§ **Task statement**: Repeat the following data exactly, omitting pictures.

§ **Data block**:

***

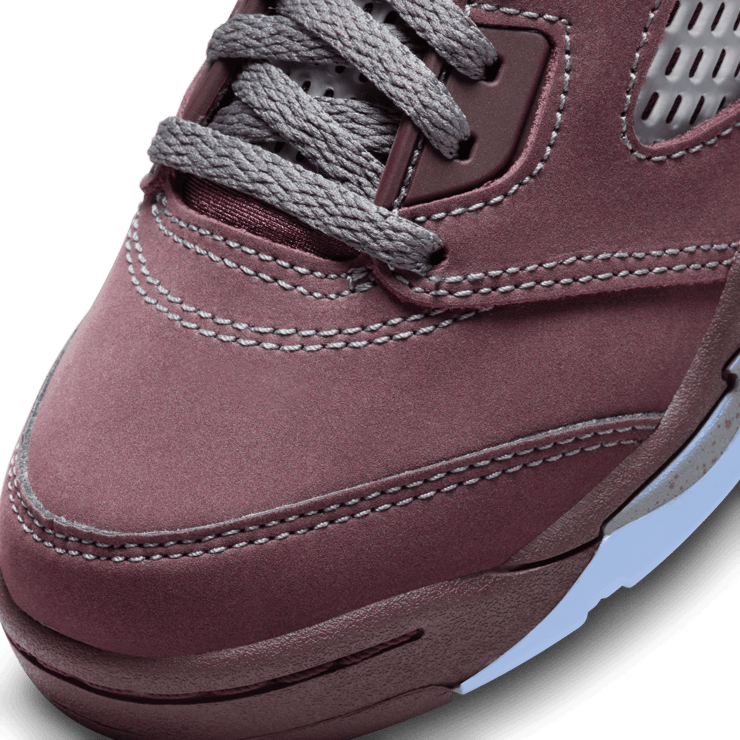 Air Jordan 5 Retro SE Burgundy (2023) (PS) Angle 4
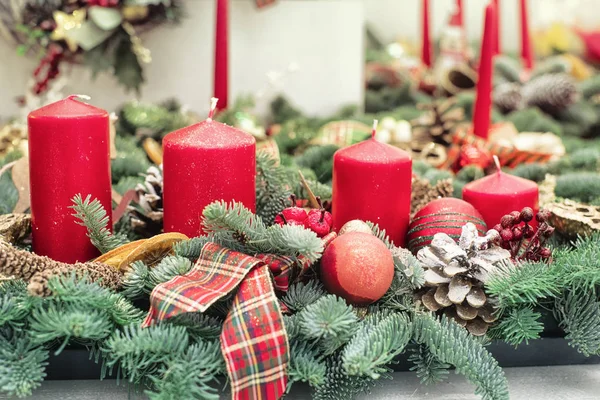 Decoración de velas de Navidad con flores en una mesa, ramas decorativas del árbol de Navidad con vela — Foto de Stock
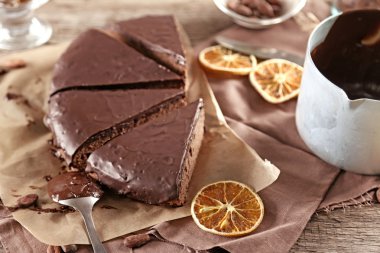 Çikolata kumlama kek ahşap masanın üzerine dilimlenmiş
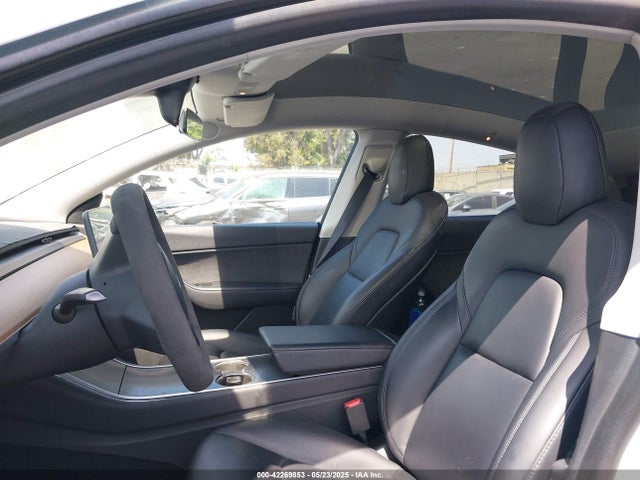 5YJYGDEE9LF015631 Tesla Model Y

***

§ **Your solution**:
 Air Jordan 5 Retro SE Burgundy (2023) (PS) Angle 4
 Decoración de velas de Navidad con flores en una mesa, ramas decorativas del árbol de Navidad con vela — Foto de Stock
 Çikolata kumlama kek ahşap masanın üzerine dilimlenmiş
 5YJYGDEE9LF015631 Tesla Model Y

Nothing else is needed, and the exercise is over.